ACTIVITY:
Set down every entry exactly as it stands, omitting any picture.
═══ EXTRACTED MATERIAL ═══
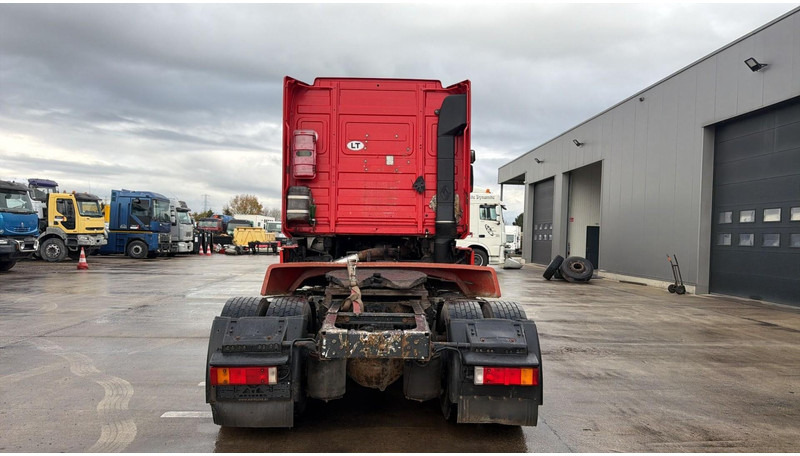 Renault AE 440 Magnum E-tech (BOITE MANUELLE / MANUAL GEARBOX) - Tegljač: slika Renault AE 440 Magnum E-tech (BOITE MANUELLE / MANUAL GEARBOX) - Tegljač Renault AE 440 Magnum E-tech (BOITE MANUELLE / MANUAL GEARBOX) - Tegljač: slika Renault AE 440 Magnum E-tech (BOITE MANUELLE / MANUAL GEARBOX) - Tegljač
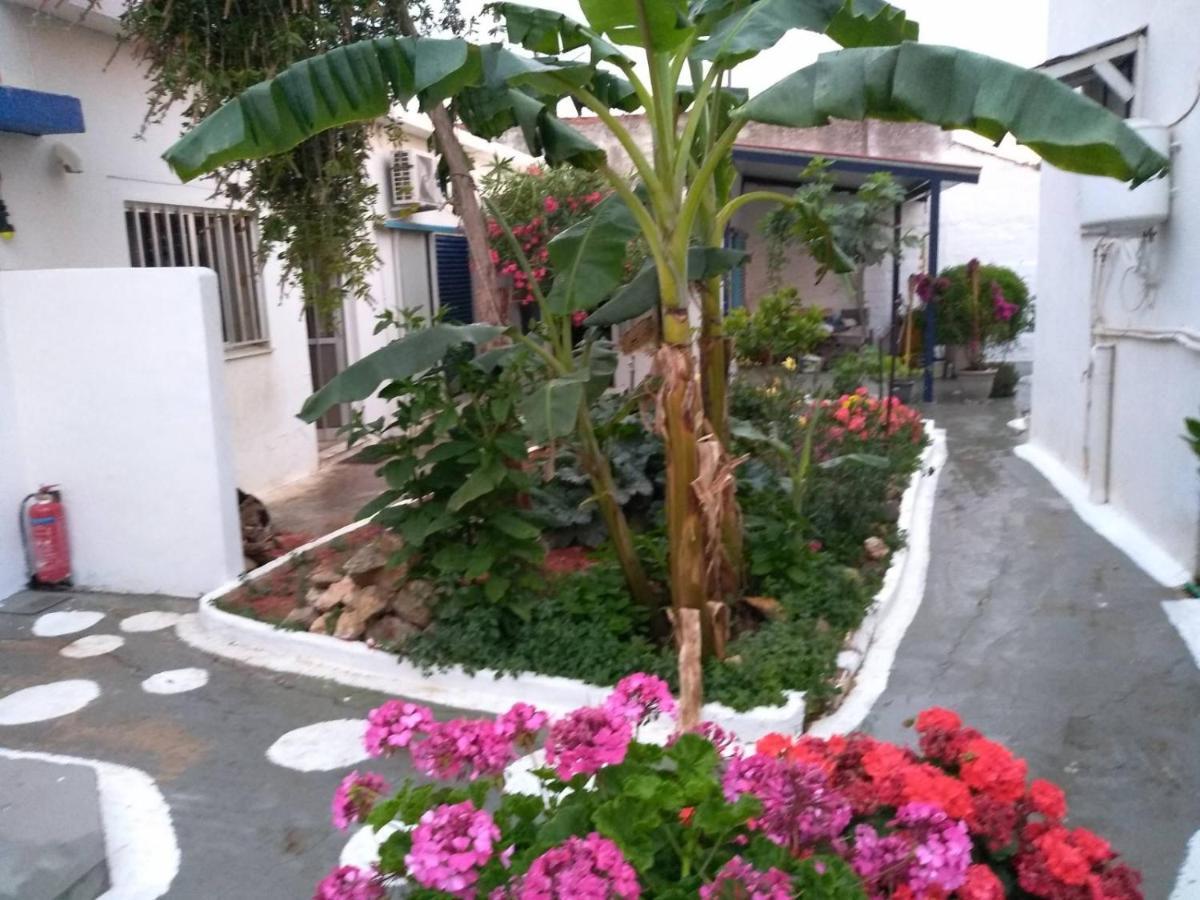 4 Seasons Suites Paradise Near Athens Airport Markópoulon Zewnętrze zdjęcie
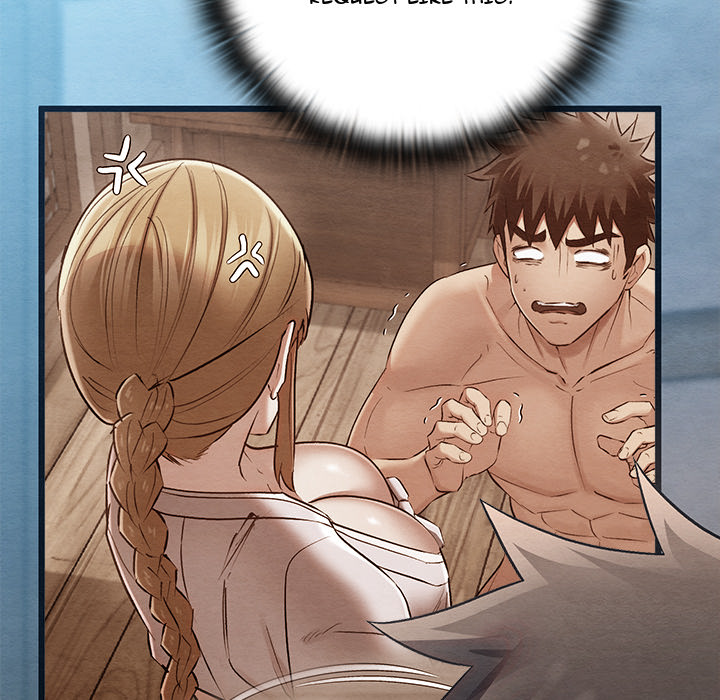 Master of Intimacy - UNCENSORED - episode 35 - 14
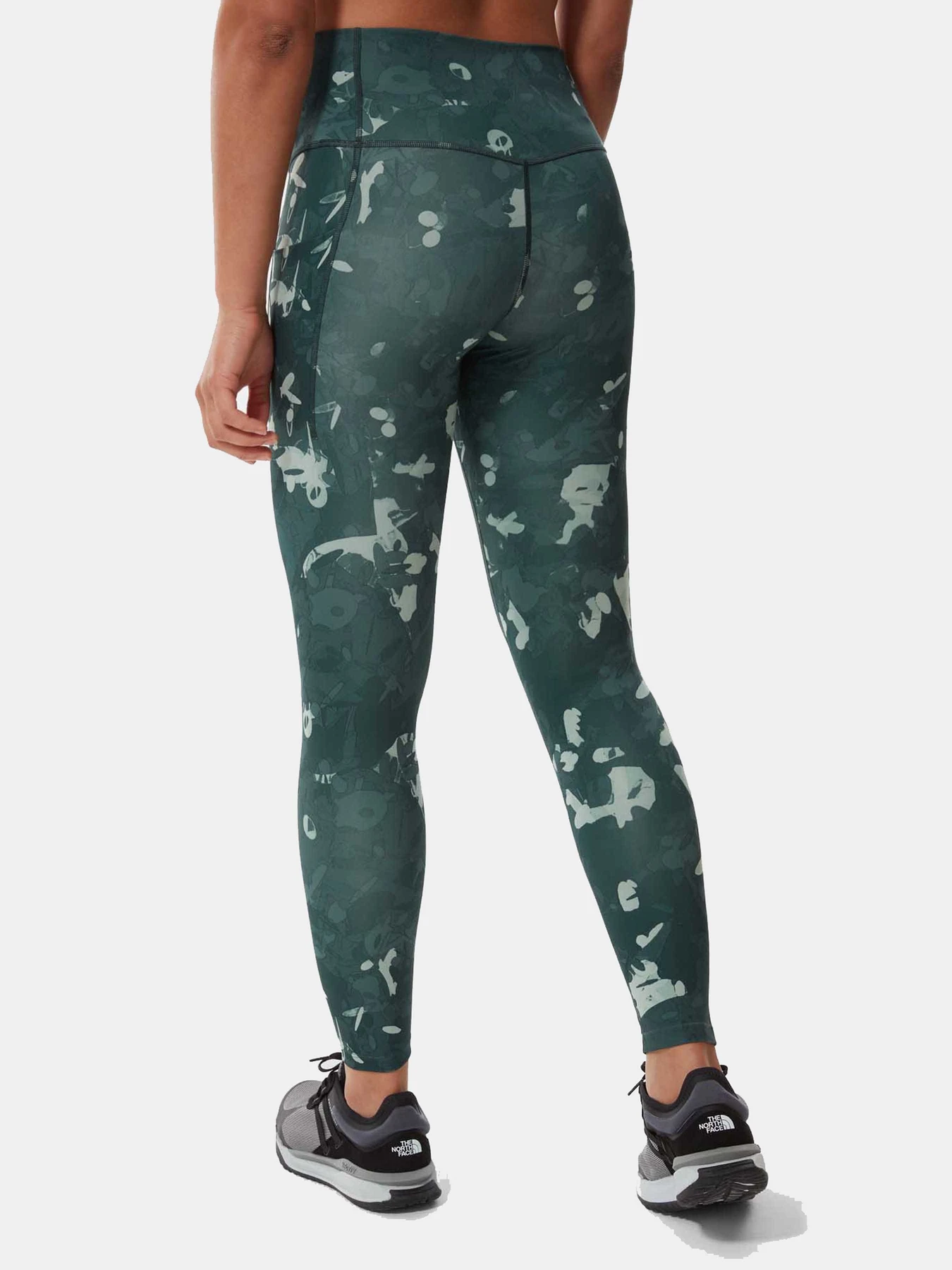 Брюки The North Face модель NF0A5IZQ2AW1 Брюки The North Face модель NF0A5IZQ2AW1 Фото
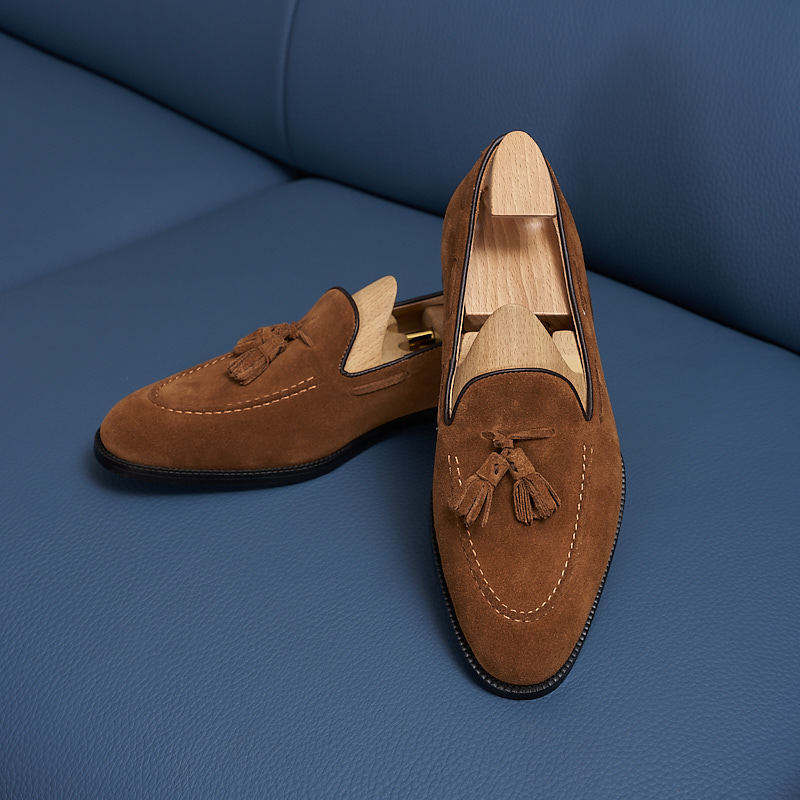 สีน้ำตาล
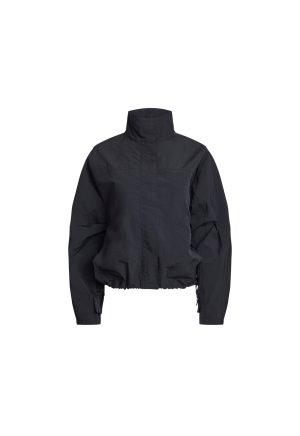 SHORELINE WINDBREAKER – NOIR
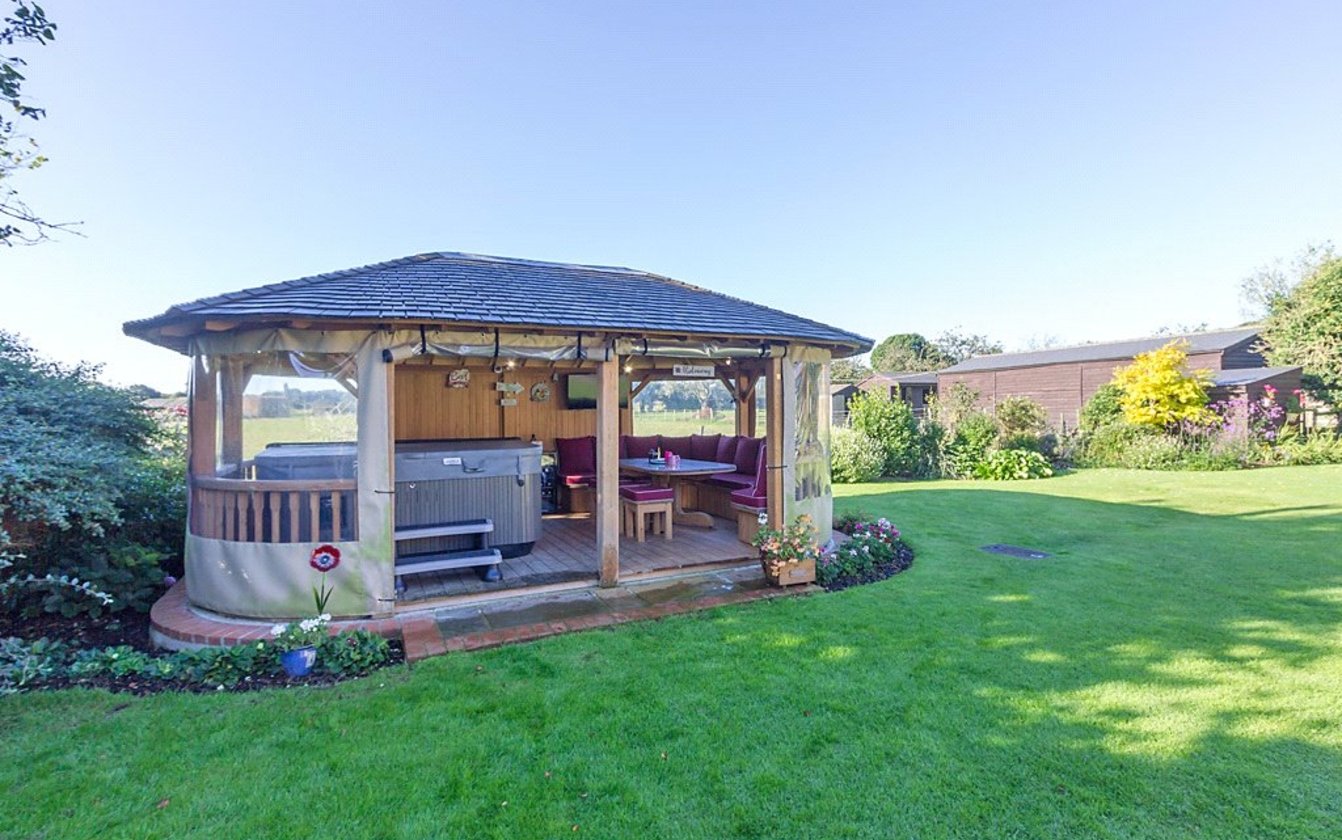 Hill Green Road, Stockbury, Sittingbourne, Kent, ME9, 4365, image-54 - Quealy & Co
═══
RESPONSE AREA:
 Renault AE 440 Magnum E-tech (BOITE MANUELLE / MANUAL GEARBOX) - Tegljač: slika Renault AE 440 Magnum E-tech (BOITE MANUELLE / MANUAL GEARBOX) - Tegljač Renault AE 440 Magnum E-tech (BOITE MANUELLE / MANUAL GEARBOX) - Tegljač: slika Renault AE 440 Magnum E-tech (BOITE MANUELLE / MANUAL GEARBOX) - Tegljač
 4 Seasons Suites Paradise Near Athens Airport Markópoulon Zewnętrze zdjęcie
 Master of Intimacy - UNCENSORED - episode 35 - 14
 Брюки The North Face модель NF0A5IZQ2AW1 Брюки The North Face модель NF0A5IZQ2AW1 Фото
 สีน้ำตาล
 SHORELINE WINDBREAKER – NOIR
 Hill Green Road, Stockbury, Sittingbourne, Kent, ME9, 4365, image-54 - Quealy & Co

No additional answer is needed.